As president of the APA, he proposed a new subfield in psychology that focuses on “what is life-giving rather than what is life-depleting”. In 2000, he published the foundational paper of the positive psychology field alongside Mihaly Csikszentmihalyi

Since then, thousands of thousands of studies have been conducted in this field creating a base for the application of positive psychology into coaching, therapy, business, family, relationships, and in every other area of life.  

The Focus of Positive Psychology

Positive psychology is a scientific approach which focuses on human strengths and what having a good life means. 

It asks the question “What is right with people?” rather than “What is wrong with people?”

Experts in the positive psychology field spend their time thinking about topics such as  optimism, character strengths, happiness, well-being, satisfaction in life, gratitude, compassion, self-esteem, and confidence.

Positive Psychology and Life Coaching

In 2007, Martin Seligman published a paper for the Australian Psychological Society stating that positive psychology can provide a “backbone” for the unregulated life coaching industry.

“Positive psychology can provide coaching with a delimited scope of practice, with interventions and measurements that work, and with a view of adequate qualifications to be a coach.” 

Martin Seligman, 2007

Both positive psychology and life coaching have one main goal in common: to positively impact the client’s life. All other goals that follow feed directly into the main one.

Many believe that the life coaching industry is saturated, but what they are really seeing is a steady growth of the industry stemming from the fact that it is simply working for millions of people.

Positive psychology is also growing in popularity for the very same reason.

I will admit, when I first decided to write this article I did not realize the depth of the subject. I soon lost myself in hours of reading different research that has been done in the field and discovered that the benefits of positive psychology are endless. Since this article cannot be endless, I decided to focus on 9 scientifically backed benefits of positive psychology.

9 Research Backed Benefits of Positive Psychology

1. Happiness is contagious 

Research has shown that those who are surrounded by happy friends and family are more likely to find happiness in the future. If you are happy, those around you will potentially benefit from it as well (Fowler & Christakis, 2008).

2. Wealth does not measure happiness

Too many people believe that finding wealth will lead to happiness, but studies have shown that this is not the case. Rather, focusing less on attaining wealth leads to greater happiness (Aknin, Norton, & Dunn, 2009).

3. Positivity comes from within 

In other words, simply “putting a smile on” through difficult times will not cultivate inner happiness.

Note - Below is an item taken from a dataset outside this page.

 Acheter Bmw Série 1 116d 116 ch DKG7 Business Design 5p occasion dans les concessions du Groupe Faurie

Putting in effort to feel positivity within will lead to outward expressions of happiness (Scott & Barnes, 2011).

4. Performing acts of kindness 

Those who perform acts of kindness do not only feel a greater sense of well-being within themselves, but they are also more likely to be accepted by their peers as well (Layous, Nelson, Oberle, Schonert-Reichl, & Lyubomirsky, 2012). 

5. Generosity is key

Those who show generosity by spending money on others are happier with themselves (Dunn, Aknin, & Norton, 2008).

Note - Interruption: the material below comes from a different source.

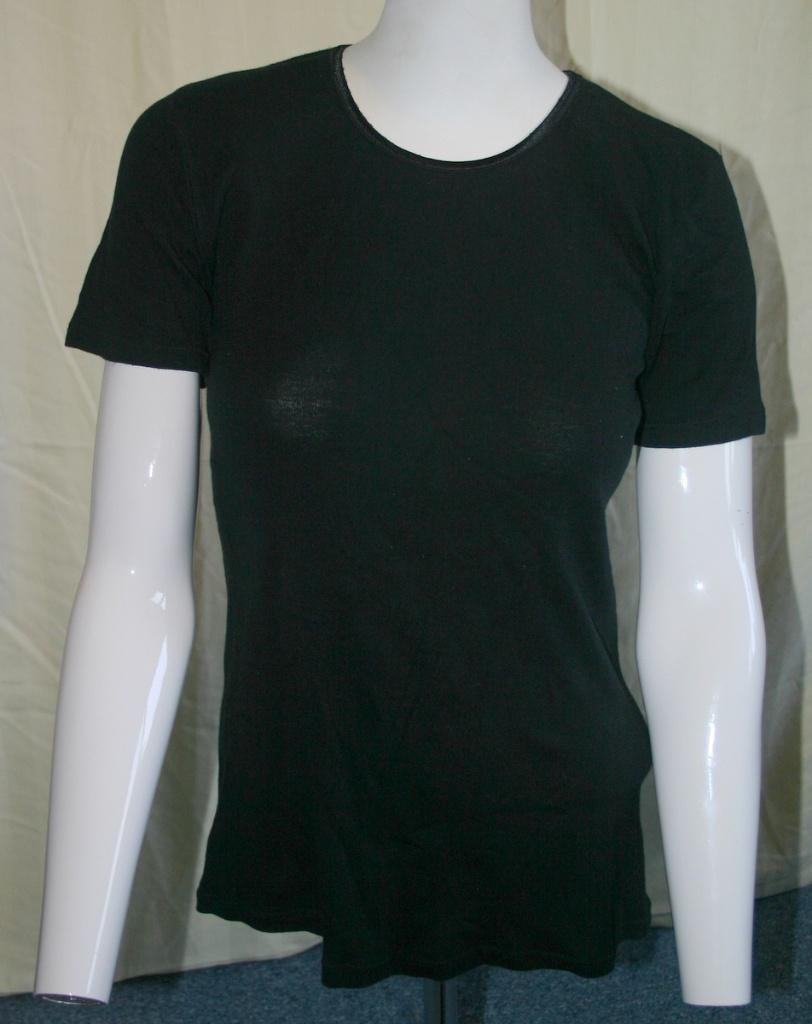 Nieuwe zwarte Schöller top, mt 42, Zwart, Maat 42/44 (L), Nieuw, Ophalen of Verzenden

6. Material possessions do not make you happy

Research has shown that those who prefer to spend their money on experiences rather than on material possessions are far happier in life (Howell & Hill, 2009).

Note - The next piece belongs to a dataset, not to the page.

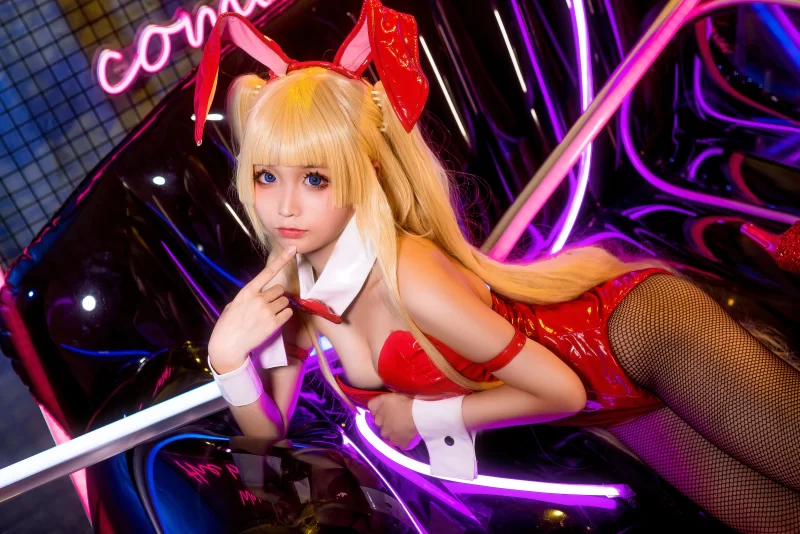 Cosplay 蠢沫沫 – 写真合集036-040【5+1.7G】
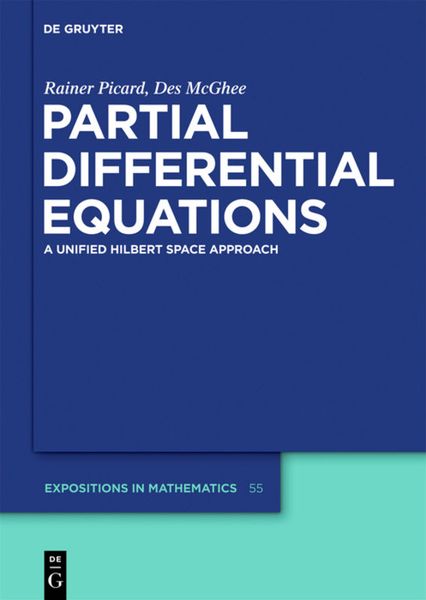 Produktbild: Partial Differential Equations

7. Volunteer work is fulfilling

When you volunteer to work for a cause that you believe in, you feel happier and more fulfilled in life. Studies have also shown that it leads to a reduction in symptoms of depression (Jenkinson et al., 2013).

8. Hugs are healing 

Hugging promotes production of oxytocin in the brain, which leads to feelings of trust, empathy, and morality. Hugging and showing physical affection to the people in your life you care about will boost the well-being of yourself and those around you (Barraza & Zak, 2009).

9. Gratitude will change your life

Last, but certainly not least, is gratitude. Research has proven that when we cultivate feelings of gratitude, we become much happier and satisfied with our lives (Seligman, Steen, Park, & Peterson, 2005).